→ PROBLEM DETAILS:
Exact reproduction required: the lines below from the line with "Line Christmas tree" to the line with "A crowd gathers", both ends included, and no others.

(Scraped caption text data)
== Segment start ==

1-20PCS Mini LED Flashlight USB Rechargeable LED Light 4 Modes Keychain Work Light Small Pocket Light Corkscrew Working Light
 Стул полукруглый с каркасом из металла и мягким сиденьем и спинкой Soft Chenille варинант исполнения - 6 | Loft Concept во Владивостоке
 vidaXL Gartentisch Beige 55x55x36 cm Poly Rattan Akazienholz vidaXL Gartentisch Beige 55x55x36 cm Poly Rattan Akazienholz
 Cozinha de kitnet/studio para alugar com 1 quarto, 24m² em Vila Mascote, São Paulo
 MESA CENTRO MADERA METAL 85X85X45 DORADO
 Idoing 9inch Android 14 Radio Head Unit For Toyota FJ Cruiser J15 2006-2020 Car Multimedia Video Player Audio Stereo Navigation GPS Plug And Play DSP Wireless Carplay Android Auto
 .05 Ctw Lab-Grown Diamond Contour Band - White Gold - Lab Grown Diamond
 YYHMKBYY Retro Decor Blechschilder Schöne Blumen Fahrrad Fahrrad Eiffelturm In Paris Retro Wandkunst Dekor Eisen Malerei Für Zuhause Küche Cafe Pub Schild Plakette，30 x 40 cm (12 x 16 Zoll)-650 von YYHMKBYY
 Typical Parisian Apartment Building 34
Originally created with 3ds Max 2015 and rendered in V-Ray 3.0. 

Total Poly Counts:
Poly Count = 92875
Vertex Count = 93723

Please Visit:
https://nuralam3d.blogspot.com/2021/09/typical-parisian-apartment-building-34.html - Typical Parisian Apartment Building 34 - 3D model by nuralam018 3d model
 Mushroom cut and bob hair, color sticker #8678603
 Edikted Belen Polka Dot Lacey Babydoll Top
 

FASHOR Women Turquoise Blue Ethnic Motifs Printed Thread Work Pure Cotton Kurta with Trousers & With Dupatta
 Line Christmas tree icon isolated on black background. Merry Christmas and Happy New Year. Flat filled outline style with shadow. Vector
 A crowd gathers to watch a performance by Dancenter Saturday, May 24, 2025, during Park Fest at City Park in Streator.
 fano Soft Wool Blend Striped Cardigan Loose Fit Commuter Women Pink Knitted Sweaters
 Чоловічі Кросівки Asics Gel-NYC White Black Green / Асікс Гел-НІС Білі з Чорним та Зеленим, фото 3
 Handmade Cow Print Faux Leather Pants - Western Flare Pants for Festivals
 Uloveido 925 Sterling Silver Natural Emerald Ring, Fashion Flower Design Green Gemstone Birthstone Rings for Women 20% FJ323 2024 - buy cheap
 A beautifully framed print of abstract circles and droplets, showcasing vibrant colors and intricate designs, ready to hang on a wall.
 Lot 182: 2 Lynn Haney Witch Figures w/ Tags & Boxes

== Segment end ==

→ RESULT OF THIS EXERCISE:
 Line Christmas tree icon isolated on black background. Merry Christmas and Happy New Year. Flat filled outline style with shadow. Vector
 A crowd gathers to watch a performance by Dancenter Saturday, May 24, 2025, during Park Fest at City Park in Streator.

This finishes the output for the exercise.